Scavi recenti hanno messo in luce i ivelli più antichi dell'abitato, riferibili a orizzonti culturali antico-harappani, e databili sulla base del radiocarbonio alla fine del IV millennio a.C. A partire da questi orizzonti, le stratigrafie di H. mostrano una continua sequenza culturale che culmina nei livelli della civiltà dell'Indo, qui datati approssimativamente al 2600 a.C. Gli ultimi livelli riferibili alla civiltà dell'Indo vengono datati intorno al 1900 a.C. Strati estremamente disturbati e una piccola necropoli individuata a SE del sito dimostrano che l'area della città continuò a essere frequentata da un distinto gruppo culturale, che, in base alla sigla data alla necropoli, viene di solito denominato come «Cultura del cimitero H». Questo successivo orizzonte culturale viene datato approssimativamente alla prima metà del II millennio a. C.
Quando, tra il 1920 e il 1921, alcuni oggetti provenienti da H. cominciarono a essere riconosciuti come appartenenti a una civiltà dell'Età del Bronzo sino ad allora sconosciuta, buona parte dei monticoli era già stata utilizzata come cava per mattoni da utilizzare come sostruzioni ferroviarie tanto che la morfologia del sito ne risulta oggi irrimediabilmente alterata; in moltissimi settori di scavo, bisogna infatti rimuovere da due a tre metri di deposito sconvolto dai cavatori di mattoni prima di giungere al livello dell'architettura in posto. H. è oggi formata da una serie di rilievi separati - denominati dagli archeologi con lettere alfabetiche - nei quali è ancora riconoscibile una organizzazione spaziale simile a quella di Mohenjo-daro, con una «cittadella» quadrangolare a NO (monticolo AB) e una città bassa a SE, di forma approssimativamente trapezoidale, obliterata a N dall'esteso villaggio moderno che ne preclude l'esplorazione archeologica.
A N della cittadella sono stati scavati in passato diversi monticoli che, nelle ricostruzioni tradizionali, dovevano sorgere immediatamente di fronte al corso del fiume. Qui sono state scavate alcune tra le strutture più integre e significative di H., in primo luogo la complessa struttura denominata «Grande Granaio», situato nella parte NO del monticolo F. Si tratta di una costruzione di c.a 50 x 40 m in mattoni cotti, a tratti integrati da mattoni crudi, articolata in due blocchi opposti e simmetrici, divisi da un corridoio centrale.
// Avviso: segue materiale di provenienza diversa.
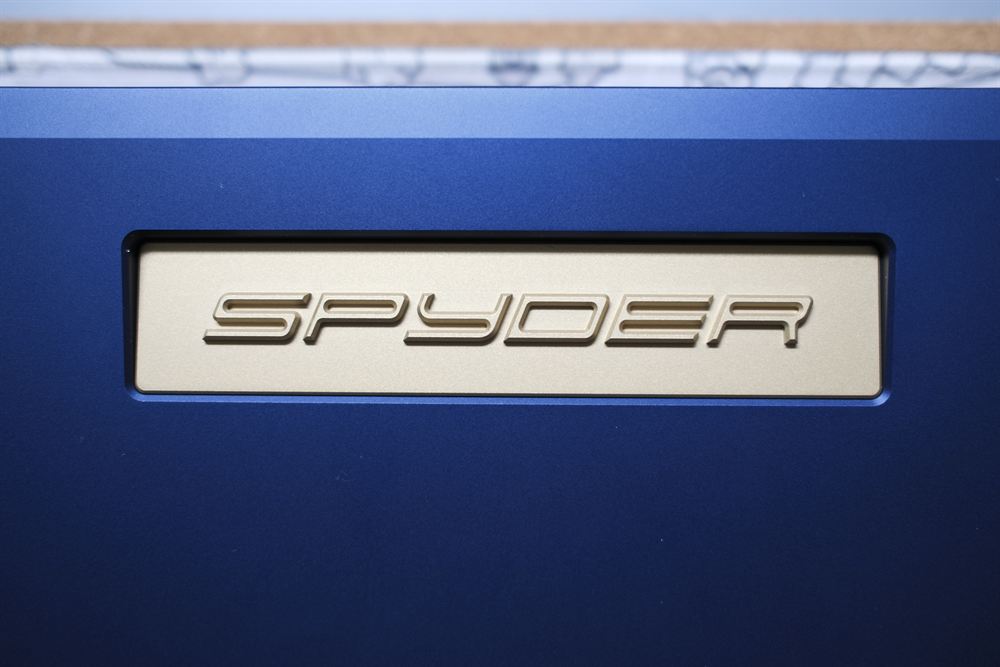 Macro of the gold SPYDER nameplate against the gentian-blue anodize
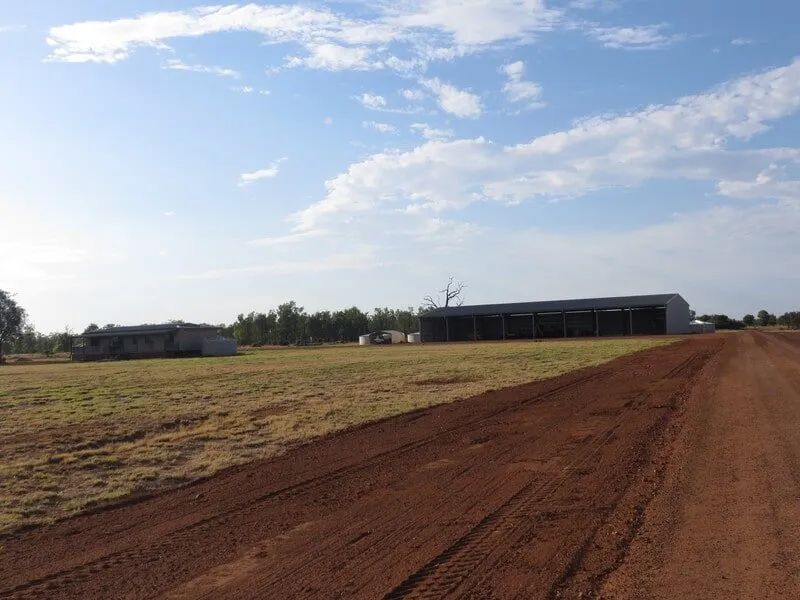 A Dirt Road Going Through A Field With A Shed In The Background — Mike Barlow Earthmoving Pty Ltd in Rockhampton, QLD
Ognuno dei due blocchi si compone di sei ambienti separati da cinque corridoi che si aprono solo all'esterno; ogni ambiente, a sua volta, è suddiviso da una serie di tratti murari paralleli in quattro celle allungate. Questo grande edificio a compartimenti, come il c.d. Granaio di Mohenjo-daro, era probabilmente provvisto di un alzato ligneo, ed è stato interpretato come un magazzino centralizzato per i cereali, sotto controllo statale. Questa ipotesi, tuttavia, si basava su generici confronti con granai romani in Inghilterra e con i magazzini cretesi, e viene oggi considerata dubbia.
A S di questa struttura sorgevano altre costruzioni i cui resti sono ugualmente problematici: un blocco formato da due file di sette abitazioni modulari, separate da viottoli di accesso, tradizionalmente interpretate come un «Quartiere operaio», e un complesso costituito da file di piattaforme circolari formate da anelli concentrici di toni messi di taglio, usualmente denominate piattaforme di lavorazione. Il blocco del «Quartiere operaio» (malgrado il rinvenimento in una delle stanze di un ricco deposio di gioielleria) è stato messo in relazione sia alle piattaforme circolari, sia alla presenza nelle immediate vicinanze di un complesso pluristratifìcato di fornaci. I rapporti stratigrafici tra queste varie unità non sono tuttavia molto chiari. Quanto alle piattaforme di lavorazione, sono state considerate come basi destinate ad accogliere mortai in legno per la lavorazione dei cereali; questa ipotesi dovrebbe tuttavia essere confermata da ricerche specifiche condotte con mezzi appropriati.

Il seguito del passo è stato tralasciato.